OneUnder

Winsome Pinnock
Graeae and Theatre Royal Plymouth
The Drum, Theatre Royal Plymouth

Stanley J Browne as Cyrus and Shenagh Govan as Nella
Reece Pantry as Sonny and Clare Louise English as Christine

A brave re-imagining and revival of Alfred Fagon award-winner Winsome Pinnock’s 2005 short play (with audio and captioning) bravely explores the uncomfortable themes of suicide and mental health, relationships, jealousies, family and atonement.

A hotchpotch collage of past and present jumpstarts with affable train driver Cyrus (Stanley J Browne) having just experienced his first ‘one under’. A devastating enough experience, it is compounded by the memory that the young man seemingly recognised him and saluted before hitting the tracks.

Losing everything—his family and his home—destitute Cyrus is on a mission to understand: to follow leads and interlace threads to make sense of what happened to Sonny (Reece Pantry) and why.

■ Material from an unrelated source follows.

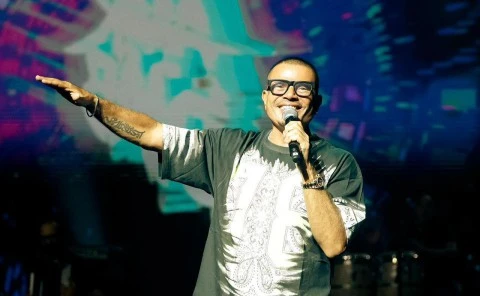 عمرو دياب يضيء مسرح عبادي الجوهر أرينا بجدة أمام 10,000 مشاهد بإطلاق ألبوم “ابتدينا”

Weaved between the story of Cyrus befriending Sonny’s grieving adoptive mother Nella (Shenagh Govan), alienating his zealous sister (Evlyne Oyedokun) and the pursuit of intangible clues—the dry cleaning docket, the half-drunk beer and unsmoked lit cigarette—is a replay of some of Sonny’s last few hours.

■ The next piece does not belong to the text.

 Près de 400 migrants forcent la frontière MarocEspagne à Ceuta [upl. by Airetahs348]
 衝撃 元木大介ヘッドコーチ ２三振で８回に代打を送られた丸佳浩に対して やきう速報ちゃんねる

Wooing she of sunny disposition Christine (Claire Louise English) with flowers, green jelly babies and as many wishes as she could want, the affable Sonny tells his own stories—of gangsters and witness protection—and manically digs his mother’s garden at midnight.

Amelia Jane Hankin's simple wooden set switches, with just the movement of a bench and a few props, from council flat to swanky hotel, from garden to station.

So many questions—was he pushed, did he jump? Did he meet his natural father? Why Christine? Did she have a child?—remain unanswered as guilt and penance, paranoia, hidden disability, personality and uncertainty shift and reshape as 95 minutes scurries past.

OneUnder, the next collaboration between Graeae and the Theatre Royal Plymouth after Jack Thorne’s award-winning The Solid Life of Sugar Water, is a clever concept with unsatisfactory loose threads and some pace issues.